HOW TO COMPLETE THIS TASK
The entries below are to be retyped exactly. Preserve every word.

[Short descriptive text snippets]
>>>>

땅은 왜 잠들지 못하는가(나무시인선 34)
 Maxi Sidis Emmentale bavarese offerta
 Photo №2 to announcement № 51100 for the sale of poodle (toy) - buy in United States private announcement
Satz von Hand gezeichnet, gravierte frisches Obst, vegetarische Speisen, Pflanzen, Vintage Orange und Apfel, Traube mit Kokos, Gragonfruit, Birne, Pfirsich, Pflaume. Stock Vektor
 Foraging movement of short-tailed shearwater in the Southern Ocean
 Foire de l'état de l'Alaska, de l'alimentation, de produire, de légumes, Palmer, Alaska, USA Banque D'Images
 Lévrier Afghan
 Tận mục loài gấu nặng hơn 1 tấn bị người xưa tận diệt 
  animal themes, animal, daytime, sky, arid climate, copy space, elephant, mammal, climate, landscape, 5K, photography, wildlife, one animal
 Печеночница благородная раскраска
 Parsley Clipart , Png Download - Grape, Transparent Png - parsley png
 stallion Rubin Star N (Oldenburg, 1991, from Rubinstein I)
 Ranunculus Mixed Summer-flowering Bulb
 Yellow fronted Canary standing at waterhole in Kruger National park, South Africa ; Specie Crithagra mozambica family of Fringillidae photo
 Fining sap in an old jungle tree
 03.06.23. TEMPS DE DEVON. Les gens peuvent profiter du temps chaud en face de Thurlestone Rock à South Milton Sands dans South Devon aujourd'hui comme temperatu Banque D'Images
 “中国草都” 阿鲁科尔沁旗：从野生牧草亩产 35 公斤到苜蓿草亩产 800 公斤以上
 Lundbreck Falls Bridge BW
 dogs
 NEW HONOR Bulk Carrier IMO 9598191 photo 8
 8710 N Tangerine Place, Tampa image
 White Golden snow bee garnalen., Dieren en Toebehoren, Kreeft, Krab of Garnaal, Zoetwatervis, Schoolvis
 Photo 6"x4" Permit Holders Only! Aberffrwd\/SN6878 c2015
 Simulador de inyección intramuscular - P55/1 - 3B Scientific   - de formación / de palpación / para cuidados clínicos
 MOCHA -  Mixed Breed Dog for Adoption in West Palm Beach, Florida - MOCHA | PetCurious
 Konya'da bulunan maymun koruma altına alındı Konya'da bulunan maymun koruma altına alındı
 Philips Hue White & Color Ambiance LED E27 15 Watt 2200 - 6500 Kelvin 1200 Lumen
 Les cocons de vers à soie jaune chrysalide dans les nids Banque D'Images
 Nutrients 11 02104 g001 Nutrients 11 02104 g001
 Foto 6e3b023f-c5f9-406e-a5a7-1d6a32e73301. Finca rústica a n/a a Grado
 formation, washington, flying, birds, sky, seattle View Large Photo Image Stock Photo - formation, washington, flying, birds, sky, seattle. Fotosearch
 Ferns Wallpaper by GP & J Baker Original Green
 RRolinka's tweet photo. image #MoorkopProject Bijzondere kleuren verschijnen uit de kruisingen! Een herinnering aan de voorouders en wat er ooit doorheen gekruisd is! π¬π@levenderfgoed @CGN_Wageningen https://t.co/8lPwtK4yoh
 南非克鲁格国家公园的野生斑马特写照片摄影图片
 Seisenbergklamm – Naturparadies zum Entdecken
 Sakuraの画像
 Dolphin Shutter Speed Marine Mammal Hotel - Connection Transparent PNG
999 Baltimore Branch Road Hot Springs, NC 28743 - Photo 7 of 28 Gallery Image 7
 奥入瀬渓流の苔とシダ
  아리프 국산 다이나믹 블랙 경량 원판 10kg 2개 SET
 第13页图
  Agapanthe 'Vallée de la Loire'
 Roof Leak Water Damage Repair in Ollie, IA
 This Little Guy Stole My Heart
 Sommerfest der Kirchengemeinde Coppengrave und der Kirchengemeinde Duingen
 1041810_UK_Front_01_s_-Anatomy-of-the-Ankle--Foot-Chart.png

<<<<

EXERCISE RESULT
땅은 왜 잠들지 못하는가(나무시인선 34)
 Maxi Sidis Emmentale bavarese offerta
 Photo №2 to announcement № 51100 for the sale of poodle (toy) - buy in United States private announcement
Satz von Hand gezeichnet, gravierte frisches Obst, vegetarische Speisen, Pflanzen, Vintage Orange und Apfel, Traube mit Kokos, Gragonfruit, Birne, Pfirsich, Pflaume. Stock Vektor
 Foraging movement of short-tailed shearwater in the Southern Ocean
 Foire de l'état de l'Alaska, de l'alimentation, de produire, de légumes, Palmer, Alaska, USA Banque D'Images
 Lévrier Afghan
 Tận mục loài gấu nặng hơn 1 tấn bị người xưa tận diệt 
  animal themes, animal, daytime, sky, arid climate, copy space, elephant, mammal, climate, landscape, 5K, photography, wildlife, one animal
 Печеночница благородная раскраска
 Parsley Clipart , Png Download - Grape, Transparent Png - parsley png
 stallion Rubin Star N (Oldenburg, 1991, from Rubinstein I)
 Ranunculus Mixed Summer-flowering Bulb
 Yellow fronted Canary standing at waterhole in Kruger National park, South Africa ; Specie Crithagra mozambica family of Fringillidae photo
 Fining sap in an old jungle tree
 03.06.23. TEMPS DE DEVON. Les gens peuvent profiter du temps chaud en face de Thurlestone Rock à South Milton Sands dans South Devon aujourd'hui comme temperatu Banque D'Images
 “中国草都” 阿鲁科尔沁旗：从野生牧草亩产 35 公斤到苜蓿草亩产 800 公斤以上
 Lundbreck Falls Bridge BW
 dogs
 NEW HONOR Bulk Carrier IMO 9598191 photo 8
 8710 N Tangerine Place, Tampa image
 White Golden snow bee garnalen., Dieren en Toebehoren, Kreeft, Krab of Garnaal, Zoetwatervis, Schoolvis
 Photo 6"x4" Permit Holders Only! Aberffrwd\/SN6878 c2015
 Simulador de inyección intramuscular - P55/1 - 3B Scientific   - de formación / de palpación / para cuidados clínicos
 MOCHA -  Mixed Breed Dog for Adoption in West Palm Beach, Florida - MOCHA | PetCurious
 Konya'da bulunan maymun koruma altına alındı Konya'da bulunan maymun koruma altına alındı
 Philips Hue White & Color Ambiance LED E27 15 Watt 2200 - 6500 Kelvin 1200 Lumen
 Les cocons de vers à soie jaune chrysalide dans les nids Banque D'Images
 Nutrients 11 02104 g001 Nutrients 11 02104 g001
 Foto 6e3b023f-c5f9-406e-a5a7-1d6a32e73301. Finca rústica a n/a a Grado
 formation, washington, flying, birds, sky, seattle View Large Photo Image Stock Photo - formation, washington, flying, birds, sky, seattle. Fotosearch
 Ferns Wallpaper by GP & J Baker Original Green
 RRolinka's tweet photo. image #MoorkopProject Bijzondere kleuren verschijnen uit de kruisingen! Een herinnering aan de voorouders en wat er ooit doorheen gekruisd is! π¬π@levenderfgoed @CGN_Wageningen https://t.co/8lPwtK4yoh
 南非克鲁格国家公园的野生斑马特写照片摄影图片
 Seisenbergklamm – Naturparadies zum Entdecken
 Sakuraの画像
 Dolphin Shutter Speed Marine Mammal Hotel - Connection Transparent PNG
999 Baltimore Branch Road Hot Springs, NC 28743 - Photo 7 of 28 Gallery Image 7
 奥入瀬渓流の苔とシダ
  아리프 국산 다이나믹 블랙 경량 원판 10kg 2개 SET
 第13页图
  Agapanthe 'Vallée de la Loire'
 Roof Leak Water Damage Repair in Ollie, IA
 This Little Guy Stole My Heart
 Sommerfest der Kirchengemeinde Coppengrave und der Kirchengemeinde Duingen
 1041810_UK_Front_01_s_-Anatomy-of-the-Ankle--Foot-Chart.png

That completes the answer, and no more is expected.